Site icon Truth on the Market

Law Review Submission Season Is Almost Upon Us. Maybe.

Tis the spring law review submission season (almost, depending on your view)!  This is the time of year where many members of law school faculties wrap up their law review draft articles and begin submitting them to various journals for consideration for publication.  Tomorrow Tulane is having a faculty roundtable on law review publishing, at which we will exchange our ideas on when to submit, how to submit (mail, e-mail, Expresso or otherwise, rounds or otherwise), etc.  In that vein, I am soliciting opinions, thoughts, and anecdotes here, regarding the submissions process.  (If you are a law school faculty member reading this, please consider forwarding this link to your law review editors to see if they have any comments they would be willing to share here regarding how, why, or when they select articles.)

Some topics for discussion here on the blog (or e-mail to me your thoughts if you would prefer not to share them here) (***Note scholars are posting their responses in the “comments” below.):

1.  When do you submit your winter/spring draft to law reviews for publication consideration?  February?  First week of March?  Last week of March?  Never in March?

2.  Do you submit in “rounds,” whereby you submit to certain publications first to gauge their interest, and then submit to different journals beyond that?  If so, how do you determine which journals should be part of your first “round” of submissions?
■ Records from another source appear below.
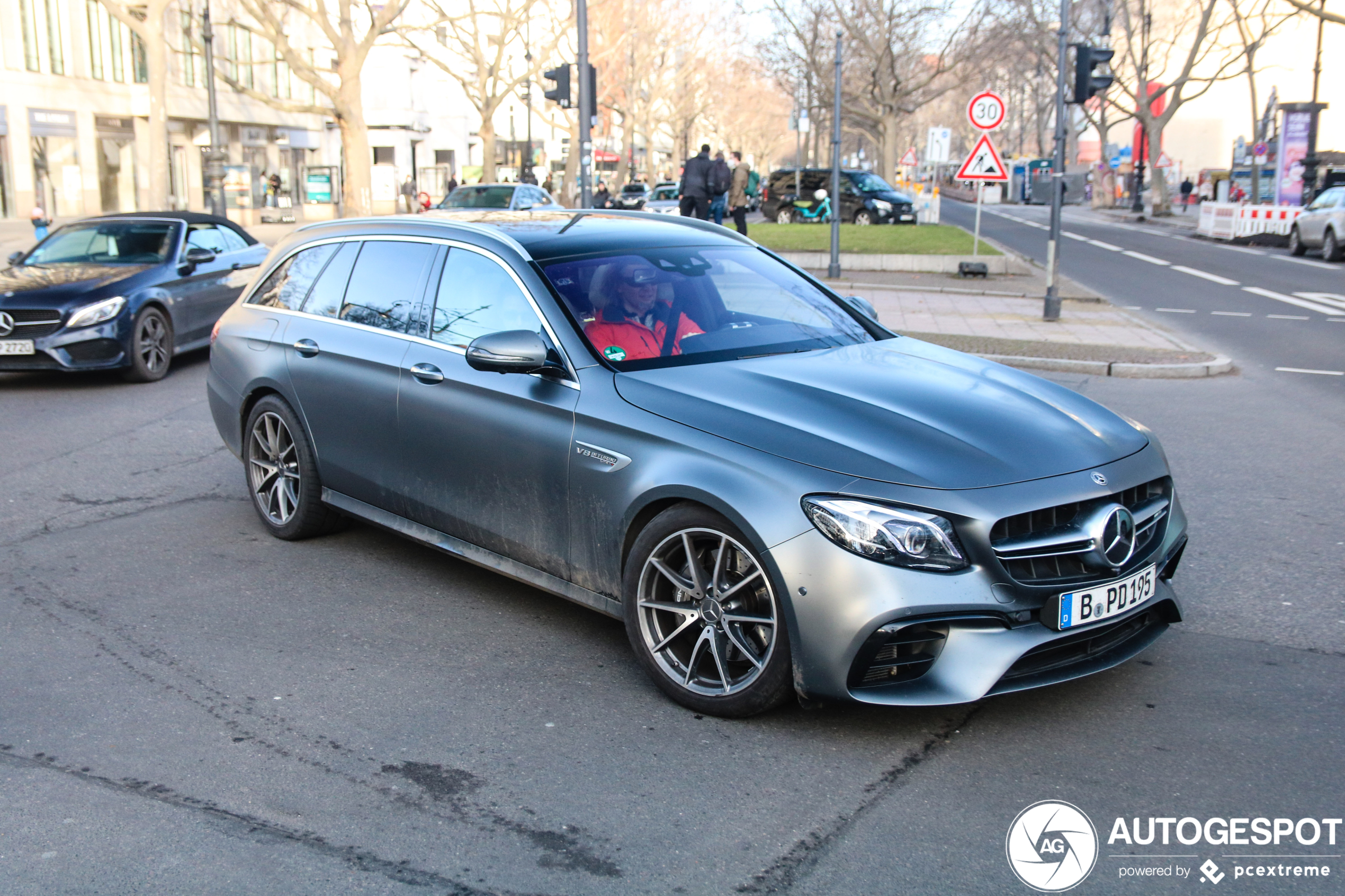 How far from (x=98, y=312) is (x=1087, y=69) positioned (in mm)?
11084

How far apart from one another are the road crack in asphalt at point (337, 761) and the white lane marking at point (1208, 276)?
21.1 meters

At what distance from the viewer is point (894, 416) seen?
4.13 metres

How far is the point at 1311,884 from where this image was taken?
3.06 m

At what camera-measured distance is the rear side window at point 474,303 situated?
4.87m

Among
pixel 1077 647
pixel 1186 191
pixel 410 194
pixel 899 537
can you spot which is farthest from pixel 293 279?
pixel 1186 191

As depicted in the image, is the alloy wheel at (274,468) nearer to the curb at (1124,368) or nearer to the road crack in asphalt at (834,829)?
the road crack in asphalt at (834,829)

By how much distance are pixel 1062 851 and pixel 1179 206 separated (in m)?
74.1

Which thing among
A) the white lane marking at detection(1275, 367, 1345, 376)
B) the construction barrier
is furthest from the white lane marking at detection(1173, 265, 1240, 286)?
the white lane marking at detection(1275, 367, 1345, 376)

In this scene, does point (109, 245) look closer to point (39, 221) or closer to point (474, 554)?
point (474, 554)

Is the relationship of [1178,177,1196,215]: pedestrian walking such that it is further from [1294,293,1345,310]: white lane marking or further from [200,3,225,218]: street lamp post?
[200,3,225,218]: street lamp post

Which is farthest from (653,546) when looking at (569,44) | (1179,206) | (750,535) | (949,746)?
(1179,206)

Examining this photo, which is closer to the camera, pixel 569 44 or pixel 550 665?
pixel 550 665

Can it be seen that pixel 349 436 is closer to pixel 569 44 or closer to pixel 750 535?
pixel 750 535

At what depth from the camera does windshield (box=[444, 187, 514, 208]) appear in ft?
89.6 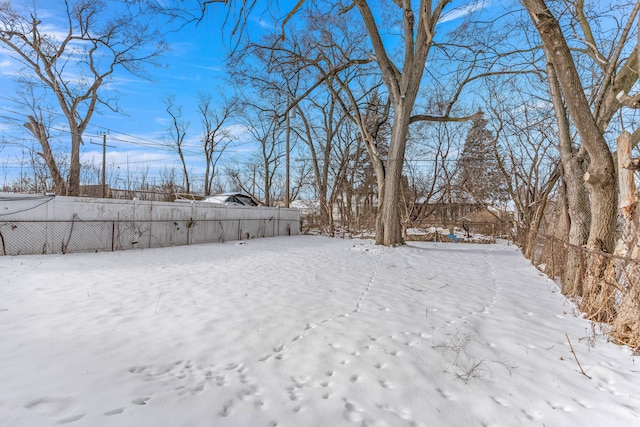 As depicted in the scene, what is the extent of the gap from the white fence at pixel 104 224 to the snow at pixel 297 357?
273 cm

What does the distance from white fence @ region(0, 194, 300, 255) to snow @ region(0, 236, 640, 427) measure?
2729mm

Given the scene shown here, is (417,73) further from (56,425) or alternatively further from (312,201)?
(312,201)

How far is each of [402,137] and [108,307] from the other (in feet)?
30.5

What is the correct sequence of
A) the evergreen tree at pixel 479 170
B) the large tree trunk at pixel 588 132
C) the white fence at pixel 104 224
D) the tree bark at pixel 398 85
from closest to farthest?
the large tree trunk at pixel 588 132
the white fence at pixel 104 224
the tree bark at pixel 398 85
the evergreen tree at pixel 479 170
3.  Do you pull a piece if you do not get a law review placement that you want?  Or do you believe that, if you submit it, you had better be willing to take a placement that you get?

4.  Do you submit your drafts in the traditional manner using the mail, do you e-mail your articles to law reviews, do you use Expresso, or do you use some other service?

5.  Do you judge your colleagues or your peers based on the placement of their law review articles?

6.  Has your “best” article (in your own professional view) received the “best” placement of all your law review placements?  To that end, how do you explain how you scored your “best” placement?

7.  What is the most important tip you would give a junior colleague on your faculty on the law review submission and placement process?